The side and top jamb seal for a standard door is inexpensive — often around $60–$150 in materials and light labor, driven by the door size and the seal rate. Enter your own width, height and $/ft above for a figure tied to your job; the bottom seal is a separate cost.

How do I measure how much weatherstripping I need?

The jamb seal runs up one side, across the top and down the other side, so the length is the door width plus twice its height. For a 16 × 7 ft door that is 16 + 7 + 7 = 30 ft. Add a little for corner cuts and waste — the contingency buffer handles that.

Is the bottom seal included in this estimate?

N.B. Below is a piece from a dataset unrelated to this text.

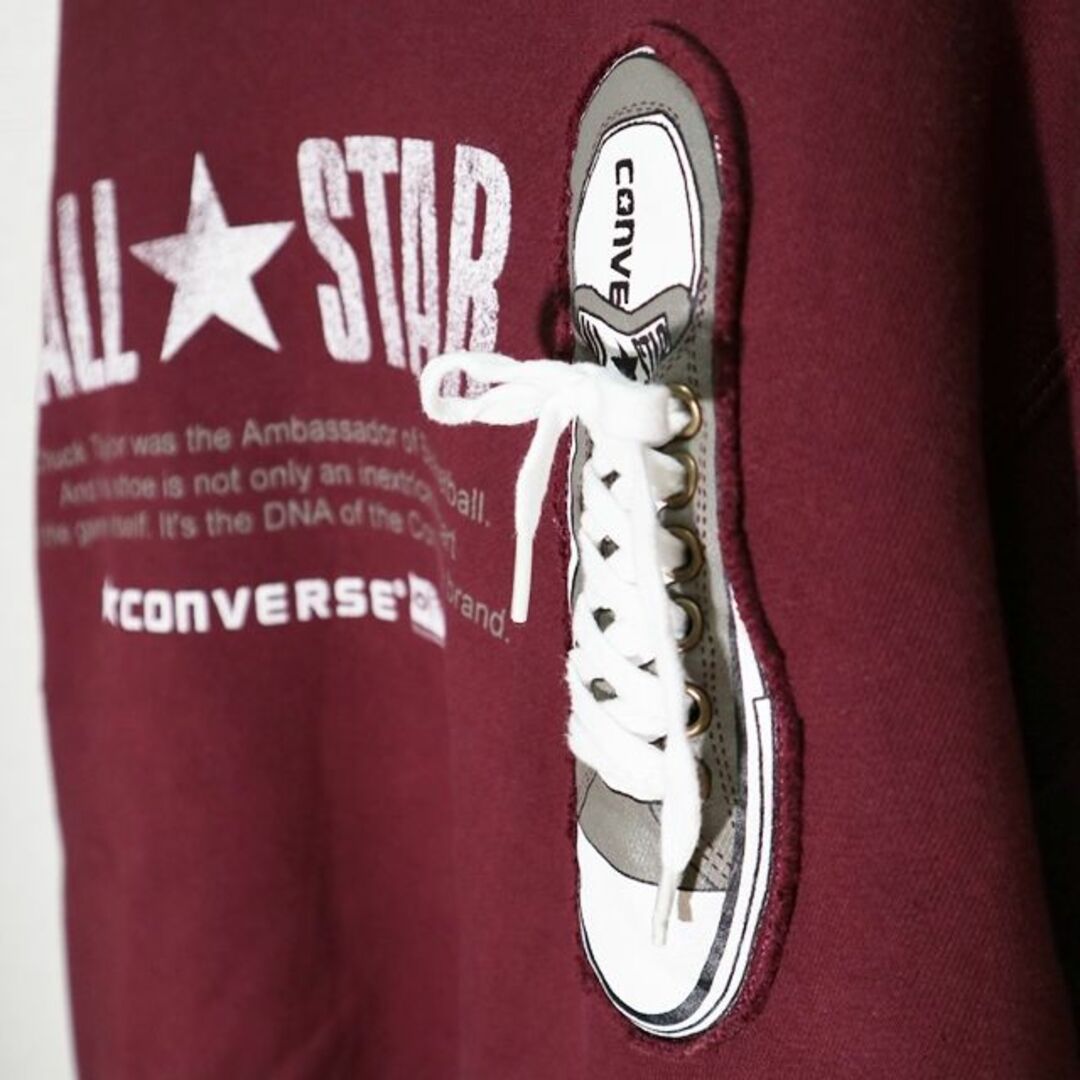 CONVERSE(コンバース)の CONVERSE　立体スニーカー付きロゴスウェット　トレーナー メンズのトップス(スウェット)の商品写真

No. This tool prices the top and side-jamb seal only. The bottom seal (the astragal along the floor) and any threshold are separate parts — price them with the weather-seal & threshold calculator.

Can I replace weatherstripping myself?

Jamb weatherstripping is a common, low-risk DIY job — it does not involve the springs or cables — so many owners fit it themselves and leave labor at $0. If you would rather have it done, enter the installer’s labor figure. Either way this is a cost estimate, not a bid.

How often should garage door weatherstripping be replaced?

Vinyl and rubber jamb seal typically lasts several years but hardens, cracks and shrinks with sun and cold. Replace it when you see daylight or feel drafts at the edges, or when a tune-up flags it.

Does weatherstripping help with insulation?

Yes — a great deal. Even a high-R door leaks heat and rain if the perimeter is open. A tight jamb and bottom seal is what lets an insulated door actually hold its rated value in everyday use.